Malawi Revenue Authority (MRA) says it expects to bring more Malawians and small and medium enterprises into the tax net to widen the tax base and promote a fair taxation system.
Speaking in Blantyre on Wednesday during a media interaction, MRA commissioner general John Biziwick said the tax collection agency has 33 143 active taxpayers of whom only 2.5 percent of the 1.14 million small businesses are tax compliant.
He said: “We are trying to widen the tax base so that more people are in the tax net in terms of registration, filing and payment.
“We have put several initiatives to do this, including the implementation of the Msonkho online, which is an integrated tax administration system to enable us to get hold of people who are outside the tax net.”
While observing that most local businesses remain largely untaxed with employees heavily taxed, Biziwick said MRA is also banking on the block management system rolled out last year to help broaden the tax base to meet its domestic revenue targets.
“With these and certain compliance tools which we are employing such as the tax clearance certificate and withholding tax exemption certificate, we are hopeful that we will enhance compliance on the part of taxpayers and help boost domestic revenue mobilisation,” he said.
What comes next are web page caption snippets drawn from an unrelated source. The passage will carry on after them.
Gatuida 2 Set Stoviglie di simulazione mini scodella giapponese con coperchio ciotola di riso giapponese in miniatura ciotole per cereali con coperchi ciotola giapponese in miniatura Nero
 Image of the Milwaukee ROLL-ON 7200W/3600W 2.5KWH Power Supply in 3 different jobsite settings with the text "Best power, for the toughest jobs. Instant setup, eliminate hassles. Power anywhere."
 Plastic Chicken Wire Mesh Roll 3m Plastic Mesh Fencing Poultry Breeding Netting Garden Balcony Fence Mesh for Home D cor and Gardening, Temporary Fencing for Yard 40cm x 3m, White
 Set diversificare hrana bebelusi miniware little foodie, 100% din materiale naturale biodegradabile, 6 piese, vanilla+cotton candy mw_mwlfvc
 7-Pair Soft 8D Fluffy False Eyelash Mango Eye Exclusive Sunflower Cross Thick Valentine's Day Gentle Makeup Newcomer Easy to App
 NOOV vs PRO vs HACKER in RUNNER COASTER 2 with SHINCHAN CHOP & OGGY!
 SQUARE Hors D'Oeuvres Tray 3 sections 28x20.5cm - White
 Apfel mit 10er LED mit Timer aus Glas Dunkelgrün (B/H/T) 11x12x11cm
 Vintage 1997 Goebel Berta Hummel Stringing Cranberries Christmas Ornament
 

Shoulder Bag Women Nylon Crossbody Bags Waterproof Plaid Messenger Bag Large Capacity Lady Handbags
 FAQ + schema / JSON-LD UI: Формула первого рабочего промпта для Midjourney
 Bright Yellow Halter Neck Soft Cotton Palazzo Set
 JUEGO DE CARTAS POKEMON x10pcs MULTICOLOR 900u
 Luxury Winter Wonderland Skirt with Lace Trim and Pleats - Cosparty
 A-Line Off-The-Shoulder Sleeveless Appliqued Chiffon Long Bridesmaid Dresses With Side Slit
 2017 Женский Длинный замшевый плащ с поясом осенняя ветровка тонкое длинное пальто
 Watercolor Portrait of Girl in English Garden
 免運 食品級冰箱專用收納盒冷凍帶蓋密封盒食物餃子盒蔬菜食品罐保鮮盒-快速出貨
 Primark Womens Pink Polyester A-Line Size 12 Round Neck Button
Biziwick said MRA is positive about beating its revenue target this financial year since the revenue collection agency beat its target for the first month by collecting K130.46 billion against K124.75 billion.
Reacting to the development, tax expert Emmanuel Kaluluma, a senior tax consultant at EK Tax Consultants, said in an interview on Wednesday that improving tax compliance will require an overhaul in the way tax issues are handled.
He said: “The challenge we have seen over the years is that corruption has been pronounced and corruption does not sit well with voluntary tax compliance.
“We need to make sure that the general feeling that tax officials are corrupt is eliminated.”
In the 2022/23 financial year, Treasury projects total revenues and grants at K1.956 trillion representing 17.2 percent of gross domestic product (GDP).
Of the K1.956 trillion, domestic revenues are estimated at K1.636 trillion, of which tax revenues are estimated at K1.528 trillion while non-tax revenues is estimated at K107.8 billion.
In its recent report titled ‘Innovation in Tax Compliance’, the World Bank advised the Malawi Government to be innovative in its tax system to overcome persistent technical, political and social barriers to improve tax compliance and broaden domestic revenue.